◆ TASK BRIEF:
Wherever a picture appears in the listing, leave it out, and copy the rest exactly.

━━━━━ SUPPLIED INFORMATION

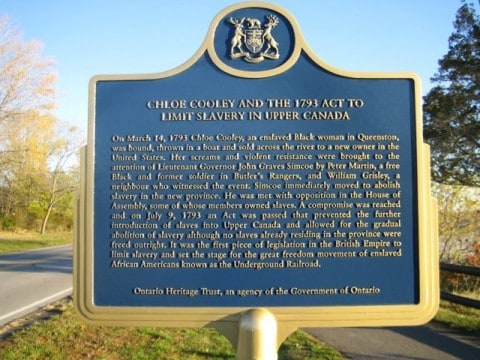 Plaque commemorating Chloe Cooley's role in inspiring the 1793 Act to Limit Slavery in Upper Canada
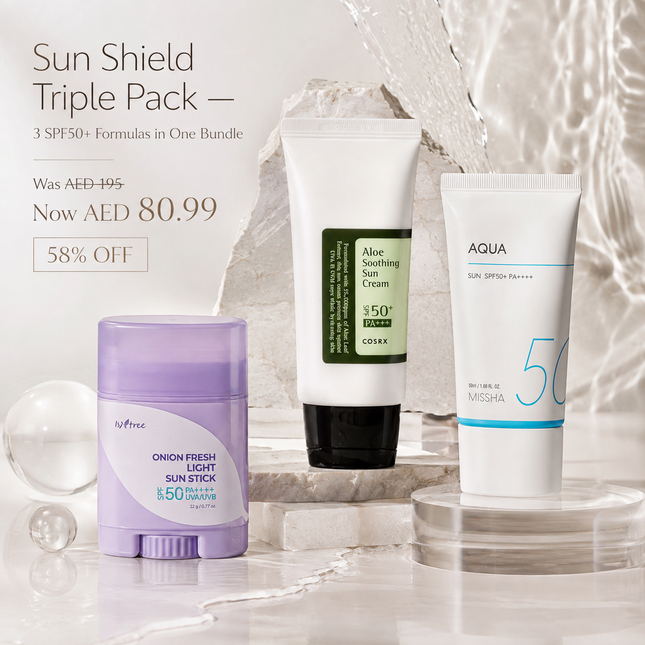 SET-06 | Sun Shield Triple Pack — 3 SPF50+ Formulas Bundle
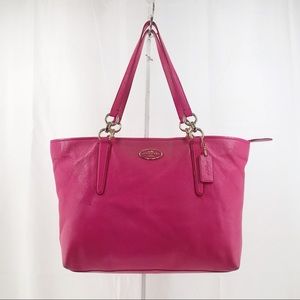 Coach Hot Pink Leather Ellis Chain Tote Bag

━━━━━━━━━━

◆ REPLY:
 Plaque commemorating Chloe Cooley's role in inspiring the 1793 Act to Limit Slavery in Upper Canada
 SET-06 | Sun Shield Triple Pack — 3 SPF50+ Formulas Bundle
 Coach Hot Pink Leather Ellis Chain Tote Bag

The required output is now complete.